Psalm for the 1st Sunday of Advent (C)

Psalm 25: 4-5, 8-9, 10, 14

The responsorial psalm for this week is from Psalm 25, a prayer for forgiveness and guidance, written in acrostic form.

This psalm calls to mind the fact that God’s saving action requires a response. Having been saved, what responsibilities do we now have? How should we live so as not to fall back into the situation from which we were saved? If God is just, what kind of lives should we be living? The psalmist’s answer comes in the form of a petition to God: Teach me your ways.

Your ways, O LORD, make known to me;

The passage opens with a prayer for divine guidance.

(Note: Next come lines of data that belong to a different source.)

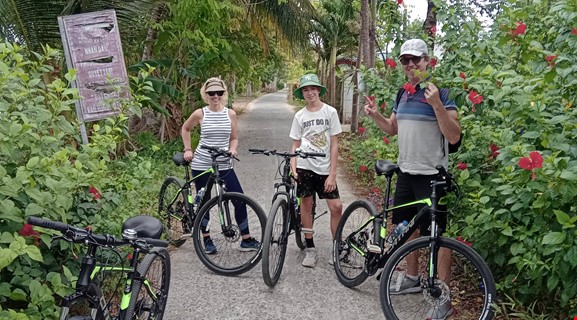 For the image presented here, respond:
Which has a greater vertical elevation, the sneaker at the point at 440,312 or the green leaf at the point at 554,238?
the green leaf at the point at 554,238

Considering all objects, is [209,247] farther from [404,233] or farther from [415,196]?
[415,196]

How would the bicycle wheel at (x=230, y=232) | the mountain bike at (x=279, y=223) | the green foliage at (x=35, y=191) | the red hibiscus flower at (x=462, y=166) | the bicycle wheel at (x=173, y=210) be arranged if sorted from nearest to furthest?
1. the green foliage at (x=35, y=191)
2. the red hibiscus flower at (x=462, y=166)
3. the mountain bike at (x=279, y=223)
4. the bicycle wheel at (x=230, y=232)
5. the bicycle wheel at (x=173, y=210)

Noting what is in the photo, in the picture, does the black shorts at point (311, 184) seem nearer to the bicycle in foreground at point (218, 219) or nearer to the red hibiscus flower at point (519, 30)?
the bicycle in foreground at point (218, 219)

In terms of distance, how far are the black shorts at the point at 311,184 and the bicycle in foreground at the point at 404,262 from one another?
29cm

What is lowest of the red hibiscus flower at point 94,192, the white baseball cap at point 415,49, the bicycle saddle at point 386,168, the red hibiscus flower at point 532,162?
the bicycle saddle at point 386,168

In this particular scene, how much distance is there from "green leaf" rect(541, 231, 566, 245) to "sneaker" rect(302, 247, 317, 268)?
2433 millimetres

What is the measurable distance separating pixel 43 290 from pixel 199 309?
4.73 ft

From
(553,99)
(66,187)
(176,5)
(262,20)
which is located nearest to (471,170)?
(553,99)

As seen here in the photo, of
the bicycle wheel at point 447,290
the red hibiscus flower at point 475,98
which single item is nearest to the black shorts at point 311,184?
the bicycle wheel at point 447,290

The word “way” has a very close association with the Wisdom tradition and refers to a manner of living, specifically the way of righteousness or the way or evil. The term often designates movement or direction on a road rather than the road itself. Here it could refer to a style of life.

teach me your paths,

“Path” appears in parallel construction with “way” and also refers to a style of life. When this expression is used in reference to God, it can mean either God’s own ways of acting or the ways God teaches humankind to follow. This psalm seems to allow for both meanings.

guide me in your truth and teach me, for you are God my savior and for you I wait all the day. 

The psalmist asks the Lord to instruct him in his ways, for it is from God that salvation comes.

Good and upright is the LORD; thus he shows sinners the way. He guides the humble to justice, and teaches the humble his way.

This stanza comments on the righteousness of God, which is attentive to both the sinners and anawim (the humble). These groups are seen on the same plane: the humble person is one who acknowledges his sin to the Lord.

In this context, “the way of the LORD” can either be interpreted as the way God responds to the people in light of their merits or as the manner of living God expects of humankind. If the latter, it is probably a reference to the Law, for it is there the will of God is to be found. In that case, the psalmist would then be asking for guidance to discern God’s will in order to live in accord with it.

All the paths of the LORD are kindness and constancy toward those who keep his covenant and his decrees.

The paths of the Lord promise the blessings of covenantal lovingkindness (hesed) and truth or constancy (’emet).

The friendship of the LORD is with those who fear him, and his covenant, for their instruction. 

These attitudes guarantee an intimacy of friendship or the kind of familiarity that results in trusting counsel (sôd). This is the kind of friendship that will be enjoyed by those who fear the Lord.

Such fear is less an attitude of dread and trembling than one of awe in the presence of the majesty of God. The trepidation that may accompany fear stems more from reverence and wonder than from terror.